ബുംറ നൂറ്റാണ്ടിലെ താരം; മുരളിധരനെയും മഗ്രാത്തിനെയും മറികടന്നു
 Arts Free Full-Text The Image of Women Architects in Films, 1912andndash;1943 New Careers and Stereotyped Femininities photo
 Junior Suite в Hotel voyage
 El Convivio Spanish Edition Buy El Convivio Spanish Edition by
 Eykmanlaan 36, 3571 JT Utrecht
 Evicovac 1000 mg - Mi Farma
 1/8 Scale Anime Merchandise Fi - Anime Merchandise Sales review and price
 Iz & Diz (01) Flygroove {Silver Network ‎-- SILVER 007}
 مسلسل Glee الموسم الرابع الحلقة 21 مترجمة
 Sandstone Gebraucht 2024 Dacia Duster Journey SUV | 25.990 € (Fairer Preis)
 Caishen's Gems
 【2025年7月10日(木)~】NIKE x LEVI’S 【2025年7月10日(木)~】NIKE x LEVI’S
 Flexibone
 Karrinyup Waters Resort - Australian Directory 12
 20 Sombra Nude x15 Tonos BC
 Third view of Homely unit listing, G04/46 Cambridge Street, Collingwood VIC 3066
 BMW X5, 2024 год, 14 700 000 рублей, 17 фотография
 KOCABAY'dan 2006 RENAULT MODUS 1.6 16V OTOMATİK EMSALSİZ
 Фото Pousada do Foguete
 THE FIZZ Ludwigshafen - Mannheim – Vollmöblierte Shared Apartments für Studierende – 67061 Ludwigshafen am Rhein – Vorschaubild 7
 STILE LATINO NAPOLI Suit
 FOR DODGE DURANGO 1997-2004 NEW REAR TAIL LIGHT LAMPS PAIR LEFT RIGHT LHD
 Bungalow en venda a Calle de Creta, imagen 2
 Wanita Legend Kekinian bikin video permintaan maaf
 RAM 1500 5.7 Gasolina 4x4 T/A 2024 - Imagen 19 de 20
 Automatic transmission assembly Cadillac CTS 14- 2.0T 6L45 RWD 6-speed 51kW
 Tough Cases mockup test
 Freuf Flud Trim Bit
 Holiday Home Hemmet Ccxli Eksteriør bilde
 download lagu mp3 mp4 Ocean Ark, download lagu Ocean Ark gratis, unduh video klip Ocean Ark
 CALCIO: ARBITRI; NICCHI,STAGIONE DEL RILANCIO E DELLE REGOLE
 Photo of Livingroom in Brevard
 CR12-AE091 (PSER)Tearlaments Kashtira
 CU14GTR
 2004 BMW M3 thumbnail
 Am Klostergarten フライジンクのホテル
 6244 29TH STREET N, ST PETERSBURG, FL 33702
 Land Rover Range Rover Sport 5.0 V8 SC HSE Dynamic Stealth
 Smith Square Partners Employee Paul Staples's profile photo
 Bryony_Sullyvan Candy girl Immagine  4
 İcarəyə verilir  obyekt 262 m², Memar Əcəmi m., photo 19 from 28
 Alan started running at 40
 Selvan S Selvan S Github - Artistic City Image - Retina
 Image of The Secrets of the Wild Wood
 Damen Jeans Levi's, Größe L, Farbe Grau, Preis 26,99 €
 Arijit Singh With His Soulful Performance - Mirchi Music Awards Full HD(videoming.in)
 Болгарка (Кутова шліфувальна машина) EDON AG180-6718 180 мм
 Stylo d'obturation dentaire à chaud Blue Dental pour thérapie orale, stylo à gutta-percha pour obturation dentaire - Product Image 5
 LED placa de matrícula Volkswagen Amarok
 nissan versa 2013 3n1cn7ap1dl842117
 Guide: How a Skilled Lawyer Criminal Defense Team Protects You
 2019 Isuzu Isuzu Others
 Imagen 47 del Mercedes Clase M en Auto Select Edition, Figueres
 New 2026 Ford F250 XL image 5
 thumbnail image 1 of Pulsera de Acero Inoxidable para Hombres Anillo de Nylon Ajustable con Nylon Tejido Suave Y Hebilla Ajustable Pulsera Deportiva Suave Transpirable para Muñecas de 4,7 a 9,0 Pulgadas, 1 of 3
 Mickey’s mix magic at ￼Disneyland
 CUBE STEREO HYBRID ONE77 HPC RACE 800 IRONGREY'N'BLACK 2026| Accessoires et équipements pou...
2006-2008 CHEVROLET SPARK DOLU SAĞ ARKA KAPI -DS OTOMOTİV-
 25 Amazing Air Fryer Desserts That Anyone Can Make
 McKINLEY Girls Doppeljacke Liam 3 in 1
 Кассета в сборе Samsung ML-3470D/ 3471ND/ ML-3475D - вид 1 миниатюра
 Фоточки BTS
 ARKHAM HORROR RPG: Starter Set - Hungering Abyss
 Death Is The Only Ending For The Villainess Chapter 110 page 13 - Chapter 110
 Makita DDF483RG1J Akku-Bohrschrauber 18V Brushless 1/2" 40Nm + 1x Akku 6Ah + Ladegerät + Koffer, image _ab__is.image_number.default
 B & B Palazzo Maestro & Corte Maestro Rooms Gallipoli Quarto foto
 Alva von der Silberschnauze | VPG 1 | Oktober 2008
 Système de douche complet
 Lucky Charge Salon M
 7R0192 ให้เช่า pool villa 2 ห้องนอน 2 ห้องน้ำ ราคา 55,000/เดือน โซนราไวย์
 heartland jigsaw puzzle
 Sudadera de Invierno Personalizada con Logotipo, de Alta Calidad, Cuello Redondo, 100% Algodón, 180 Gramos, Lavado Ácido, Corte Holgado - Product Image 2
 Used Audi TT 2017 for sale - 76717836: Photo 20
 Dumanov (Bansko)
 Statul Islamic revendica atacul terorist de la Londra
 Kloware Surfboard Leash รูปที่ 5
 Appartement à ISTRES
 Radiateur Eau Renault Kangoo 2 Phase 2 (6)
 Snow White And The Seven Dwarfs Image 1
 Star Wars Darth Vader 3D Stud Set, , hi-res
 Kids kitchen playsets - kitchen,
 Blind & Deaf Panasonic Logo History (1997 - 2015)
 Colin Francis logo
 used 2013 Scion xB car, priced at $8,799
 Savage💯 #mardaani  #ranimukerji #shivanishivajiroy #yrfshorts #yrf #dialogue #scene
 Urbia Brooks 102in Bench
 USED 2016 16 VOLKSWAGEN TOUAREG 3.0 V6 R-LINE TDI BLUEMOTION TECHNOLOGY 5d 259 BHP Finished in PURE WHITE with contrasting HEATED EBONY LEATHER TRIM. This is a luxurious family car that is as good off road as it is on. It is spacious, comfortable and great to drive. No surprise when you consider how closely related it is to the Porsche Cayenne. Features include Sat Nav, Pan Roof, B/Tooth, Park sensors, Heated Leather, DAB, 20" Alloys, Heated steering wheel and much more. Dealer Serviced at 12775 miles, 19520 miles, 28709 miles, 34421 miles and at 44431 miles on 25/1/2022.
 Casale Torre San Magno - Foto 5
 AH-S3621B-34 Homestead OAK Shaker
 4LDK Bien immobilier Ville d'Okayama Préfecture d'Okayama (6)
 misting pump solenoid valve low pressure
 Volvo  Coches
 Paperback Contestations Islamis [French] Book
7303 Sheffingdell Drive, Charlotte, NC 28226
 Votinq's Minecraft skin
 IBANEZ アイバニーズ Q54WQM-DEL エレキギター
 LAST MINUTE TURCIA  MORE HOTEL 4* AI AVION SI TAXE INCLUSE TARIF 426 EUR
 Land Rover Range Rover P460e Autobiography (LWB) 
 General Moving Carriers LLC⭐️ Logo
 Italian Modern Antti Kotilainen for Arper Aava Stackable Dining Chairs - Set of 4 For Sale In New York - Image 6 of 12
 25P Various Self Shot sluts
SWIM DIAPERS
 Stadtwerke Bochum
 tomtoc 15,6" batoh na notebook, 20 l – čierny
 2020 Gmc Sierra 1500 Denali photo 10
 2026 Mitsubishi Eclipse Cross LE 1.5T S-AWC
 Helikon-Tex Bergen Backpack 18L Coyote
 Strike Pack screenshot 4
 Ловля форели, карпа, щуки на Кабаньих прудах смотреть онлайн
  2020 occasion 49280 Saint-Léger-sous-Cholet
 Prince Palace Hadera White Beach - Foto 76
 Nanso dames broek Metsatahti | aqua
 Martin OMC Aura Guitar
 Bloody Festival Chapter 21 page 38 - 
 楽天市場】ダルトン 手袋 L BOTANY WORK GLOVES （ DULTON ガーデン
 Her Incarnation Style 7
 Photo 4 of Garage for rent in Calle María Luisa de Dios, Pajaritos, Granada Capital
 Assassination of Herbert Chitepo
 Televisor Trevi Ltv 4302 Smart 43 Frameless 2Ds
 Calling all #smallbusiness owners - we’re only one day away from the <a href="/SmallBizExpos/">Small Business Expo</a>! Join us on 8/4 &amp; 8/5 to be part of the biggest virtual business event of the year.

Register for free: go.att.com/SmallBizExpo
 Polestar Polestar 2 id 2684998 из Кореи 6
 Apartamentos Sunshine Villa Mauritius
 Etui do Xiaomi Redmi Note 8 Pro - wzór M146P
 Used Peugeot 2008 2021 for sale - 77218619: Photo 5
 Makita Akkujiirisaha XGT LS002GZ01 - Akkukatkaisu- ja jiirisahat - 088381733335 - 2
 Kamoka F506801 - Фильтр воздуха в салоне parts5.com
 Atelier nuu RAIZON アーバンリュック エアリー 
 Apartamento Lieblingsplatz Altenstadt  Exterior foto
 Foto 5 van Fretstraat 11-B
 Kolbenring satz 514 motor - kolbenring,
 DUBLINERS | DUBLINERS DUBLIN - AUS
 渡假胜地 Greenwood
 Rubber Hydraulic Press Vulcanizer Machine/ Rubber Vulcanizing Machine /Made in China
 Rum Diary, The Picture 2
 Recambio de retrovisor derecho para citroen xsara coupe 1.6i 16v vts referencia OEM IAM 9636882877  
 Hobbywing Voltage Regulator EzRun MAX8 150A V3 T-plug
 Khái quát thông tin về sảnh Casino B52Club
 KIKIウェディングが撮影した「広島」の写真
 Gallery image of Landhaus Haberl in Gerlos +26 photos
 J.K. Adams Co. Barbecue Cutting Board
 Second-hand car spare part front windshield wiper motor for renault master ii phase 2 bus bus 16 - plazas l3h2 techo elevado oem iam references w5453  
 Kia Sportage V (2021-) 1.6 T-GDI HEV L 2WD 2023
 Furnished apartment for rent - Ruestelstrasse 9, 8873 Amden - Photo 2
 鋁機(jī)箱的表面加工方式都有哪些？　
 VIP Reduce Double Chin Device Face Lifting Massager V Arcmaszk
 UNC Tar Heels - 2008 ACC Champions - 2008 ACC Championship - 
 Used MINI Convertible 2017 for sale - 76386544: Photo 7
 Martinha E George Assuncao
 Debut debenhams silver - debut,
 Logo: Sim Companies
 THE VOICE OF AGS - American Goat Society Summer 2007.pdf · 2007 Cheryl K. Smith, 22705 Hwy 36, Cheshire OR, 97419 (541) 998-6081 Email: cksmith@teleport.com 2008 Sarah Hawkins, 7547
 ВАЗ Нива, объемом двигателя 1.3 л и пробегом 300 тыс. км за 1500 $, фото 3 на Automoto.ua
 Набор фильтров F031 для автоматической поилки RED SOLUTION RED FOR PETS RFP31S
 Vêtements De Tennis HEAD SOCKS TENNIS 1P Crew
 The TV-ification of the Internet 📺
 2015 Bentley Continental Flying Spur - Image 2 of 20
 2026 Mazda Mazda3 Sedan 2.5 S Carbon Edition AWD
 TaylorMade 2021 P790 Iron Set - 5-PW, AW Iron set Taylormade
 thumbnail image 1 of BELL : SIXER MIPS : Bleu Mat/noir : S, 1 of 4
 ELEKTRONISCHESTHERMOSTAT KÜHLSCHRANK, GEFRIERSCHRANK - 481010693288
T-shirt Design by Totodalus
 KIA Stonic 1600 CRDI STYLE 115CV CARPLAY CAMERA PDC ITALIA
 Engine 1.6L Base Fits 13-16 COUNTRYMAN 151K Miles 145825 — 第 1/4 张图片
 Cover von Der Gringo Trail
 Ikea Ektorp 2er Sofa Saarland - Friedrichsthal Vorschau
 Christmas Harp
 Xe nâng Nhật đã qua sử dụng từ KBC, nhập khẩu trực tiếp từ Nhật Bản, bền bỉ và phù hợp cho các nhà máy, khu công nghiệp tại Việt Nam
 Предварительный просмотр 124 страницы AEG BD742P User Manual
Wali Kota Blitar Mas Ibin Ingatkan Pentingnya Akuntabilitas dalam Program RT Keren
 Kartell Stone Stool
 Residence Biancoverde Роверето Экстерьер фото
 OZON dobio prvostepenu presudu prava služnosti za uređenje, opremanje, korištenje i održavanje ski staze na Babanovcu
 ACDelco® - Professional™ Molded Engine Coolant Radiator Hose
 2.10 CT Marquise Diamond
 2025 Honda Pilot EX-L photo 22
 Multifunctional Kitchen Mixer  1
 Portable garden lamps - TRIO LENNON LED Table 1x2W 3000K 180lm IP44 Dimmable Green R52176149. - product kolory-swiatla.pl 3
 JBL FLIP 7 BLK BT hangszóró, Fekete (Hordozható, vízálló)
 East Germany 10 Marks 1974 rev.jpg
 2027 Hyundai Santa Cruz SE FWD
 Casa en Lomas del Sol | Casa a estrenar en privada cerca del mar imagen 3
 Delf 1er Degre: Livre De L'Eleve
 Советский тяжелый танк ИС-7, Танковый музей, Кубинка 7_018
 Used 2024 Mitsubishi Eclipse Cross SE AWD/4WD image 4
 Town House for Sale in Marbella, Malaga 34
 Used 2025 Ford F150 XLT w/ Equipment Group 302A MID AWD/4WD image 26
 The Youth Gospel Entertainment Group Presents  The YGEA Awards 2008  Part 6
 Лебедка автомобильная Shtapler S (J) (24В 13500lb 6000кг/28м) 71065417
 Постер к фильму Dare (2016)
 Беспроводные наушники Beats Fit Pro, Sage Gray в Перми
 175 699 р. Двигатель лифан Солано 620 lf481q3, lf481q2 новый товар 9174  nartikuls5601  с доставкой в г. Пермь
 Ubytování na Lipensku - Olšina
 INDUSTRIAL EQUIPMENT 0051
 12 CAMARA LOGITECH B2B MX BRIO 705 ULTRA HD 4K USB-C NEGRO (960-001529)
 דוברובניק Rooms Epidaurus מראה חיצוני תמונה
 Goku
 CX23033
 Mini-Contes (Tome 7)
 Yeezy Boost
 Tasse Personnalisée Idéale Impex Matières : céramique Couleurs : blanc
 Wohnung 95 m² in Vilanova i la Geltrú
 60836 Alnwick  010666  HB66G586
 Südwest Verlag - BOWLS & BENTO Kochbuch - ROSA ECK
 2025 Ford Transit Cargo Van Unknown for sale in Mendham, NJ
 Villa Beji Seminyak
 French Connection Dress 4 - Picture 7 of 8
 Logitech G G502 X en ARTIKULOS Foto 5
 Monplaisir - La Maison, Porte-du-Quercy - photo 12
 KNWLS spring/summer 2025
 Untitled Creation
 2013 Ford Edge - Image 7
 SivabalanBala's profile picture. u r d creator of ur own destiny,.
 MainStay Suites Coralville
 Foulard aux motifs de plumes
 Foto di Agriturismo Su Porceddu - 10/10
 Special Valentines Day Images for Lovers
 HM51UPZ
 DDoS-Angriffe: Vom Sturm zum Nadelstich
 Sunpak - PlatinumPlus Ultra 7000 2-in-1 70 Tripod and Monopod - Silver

Exercise: Review the material and copy each line in which the word "page" appears.

Output below:
 Death Is The Only Ending For The Villainess Chapter 110 page 13 - Chapter 110
 Bloody Festival Chapter 21 page 38 - 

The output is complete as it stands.